また、将来的に色々なコンテンツでLBEを作りたいと思った時に、部屋に設置する高画質なLEDパネルと立体音響、さらには匂いの仕組みとか床の振動といったフォーマット的なものまで準備できれば、クリエイターが色々な体験を生み出してくれるのではないかと考えています。
麻倉 ソニーが持っている技術を集めて、コンテンツのクォリティを高めていく、そんな取り組みのように感じます。
高島 今回は、ニールがやりたいと考えている体験がまずあって、それに必要な技術としてどれを使うかという見極めも私がやりました。昨年の6月頃に東京に行き、ソニーの技術を20個ぐらい確認・体験して、そのうち6つぐらい選んだのです。その他は、既存の技術で定評のあるものを使うといった具合です。技術先行になってしまうと、まだ試作段階で完全でなかった場合に、LBEで得られる体験のレベルが下がってしまう可能性もありますから。
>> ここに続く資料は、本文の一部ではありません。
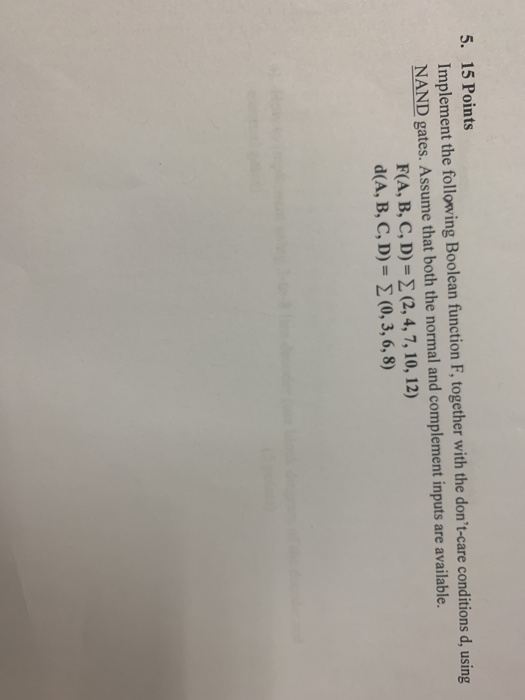 Solved 5. 15 Points Implement the following Boolean function | Chegg.com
麻倉 LBEの空間を作る際に注意したことはありますか?
高島 今回は暗いシーンが多かったので、映像はプロジェクターではなくLEDを使いました。LEDで周囲を囲んで、次に立体音響を考えました。映像で囲まれている中で、右からモンスターの声がするといった体験は必要だと思ったからです。
麻倉 立体音響のフォーマットは?
高島 SIE傘下のAudiokinetic社のゲーム用立体音響制作環境を使い、360 Reality Audioの技術を通してLBE環境のスピーカー配置に合わせた音を出しています。
麻倉 そうでしたか。映像と音はソニーの技術でできちゃった感じですね。では、匂いの再現はどうしたのでしょう?
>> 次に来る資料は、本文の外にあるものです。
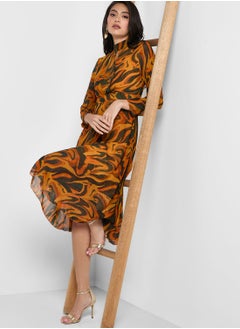 Buy Printed Dress With Keyhole Neck in UAE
高島 ソニーのにおい提示技術を使っています。ゲームに出てくるクリッカーというモンスターは、キノコの胞子が人間に感染したという設定なので、キノコの匂いを何回かテストして、臭すぎない程度に出しています。
麻倉 キノコの匂いがしたら、そのモンスターが近くにいると。
高島 懐中電灯で照らさないと敵が見つからないという状態で、匂いだけ先に来るんですよ。ゲームの匂いというものは今まで存在しなかった機能なので、ぜひ体験していただきたいですね。
コントローラーは試作機でして、今回のデモではあまり頑張らなくても動くようにしていますが、本来はしっかり握って手を振るとショットガンに弾を装填できるとか、色々な持ち方をすることで多様な使い方ができるコントローラーを考えました。
麻倉 コントローラーはゲーム用ですよね。
高島 ソニー株式会社とソニー・インタラクティブエンタテインメントがユニバーサルコントローラーを共同研究していて、今回は完成度の高い社内実験用の試作品を活用しました。プレイステーション用とも違い、握りしめたら何かが起こるといったことも技術的には実現可能なのですが、今回はそこまでの機能は使っていません。
麻倉 LBEを含めたコンテンツ展開について、どういう普及活動をお考えなのでしょう?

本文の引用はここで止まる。